DATA Block Start

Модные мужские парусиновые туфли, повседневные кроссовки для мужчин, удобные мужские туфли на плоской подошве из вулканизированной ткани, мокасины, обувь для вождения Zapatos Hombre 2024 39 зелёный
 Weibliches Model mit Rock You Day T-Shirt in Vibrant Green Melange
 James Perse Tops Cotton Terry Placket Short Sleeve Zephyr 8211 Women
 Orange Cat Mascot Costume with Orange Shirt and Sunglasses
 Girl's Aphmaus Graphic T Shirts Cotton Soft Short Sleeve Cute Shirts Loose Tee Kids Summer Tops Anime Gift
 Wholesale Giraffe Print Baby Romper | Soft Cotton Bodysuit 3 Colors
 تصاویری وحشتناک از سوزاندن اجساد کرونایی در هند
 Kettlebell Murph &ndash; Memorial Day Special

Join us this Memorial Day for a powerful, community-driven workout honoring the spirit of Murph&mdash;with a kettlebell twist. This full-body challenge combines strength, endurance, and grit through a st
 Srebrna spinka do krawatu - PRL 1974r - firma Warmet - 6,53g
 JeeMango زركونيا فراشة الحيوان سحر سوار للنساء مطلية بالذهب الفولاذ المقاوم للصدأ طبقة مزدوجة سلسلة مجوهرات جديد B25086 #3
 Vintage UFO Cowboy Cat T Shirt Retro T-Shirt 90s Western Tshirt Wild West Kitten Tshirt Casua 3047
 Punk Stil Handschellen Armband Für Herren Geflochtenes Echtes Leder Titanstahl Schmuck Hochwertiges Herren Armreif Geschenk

DATA Block End

Copy each record from above without leaving any out.

Модные мужские парусиновые туфли, повседневные кроссовки для мужчин, удобные мужские туфли на плоской подошве из вулканизированной ткани, мокасины, обувь для вождения Zapatos Hombre 2024 39 зелёный
 Weibliches Model mit Rock You Day T-Shirt in Vibrant Green Melange
 James Perse Tops Cotton Terry Placket Short Sleeve Zephyr 8211 Women
 Orange Cat Mascot Costume with Orange Shirt and Sunglasses
 Girl's Aphmaus Graphic T Shirts Cotton Soft Short Sleeve Cute Shirts Loose Tee Kids Summer Tops Anime Gift
 Wholesale Giraffe Print Baby Romper | Soft Cotton Bodysuit 3 Colors
 تصاویری وحشتناک از سوزاندن اجساد کرونایی در هند
 Kettlebell Murph &ndash; Memorial Day Special

Join us this Memorial Day for a powerful, community-driven workout honoring the spirit of Murph&mdash;with a kettlebell twist. This full-body challenge combines strength, endurance, and grit through a st
 Srebrna spinka do krawatu - PRL 1974r - firma Warmet - 6,53g
 JeeMango زركونيا فراشة الحيوان سحر سوار للنساء مطلية بالذهب الفولاذ المقاوم للصدأ طبقة مزدوجة سلسلة مجوهرات جديد B25086 #3
 Vintage UFO Cowboy Cat T Shirt Retro T-Shirt 90s Western Tshirt Wild West Kitten Tshirt Casua 3047
 Punk Stil Handschellen Armband Für Herren Geflochtenes Echtes Leder Titanstahl Schmuck Hochwertiges Herren Armreif Geschenk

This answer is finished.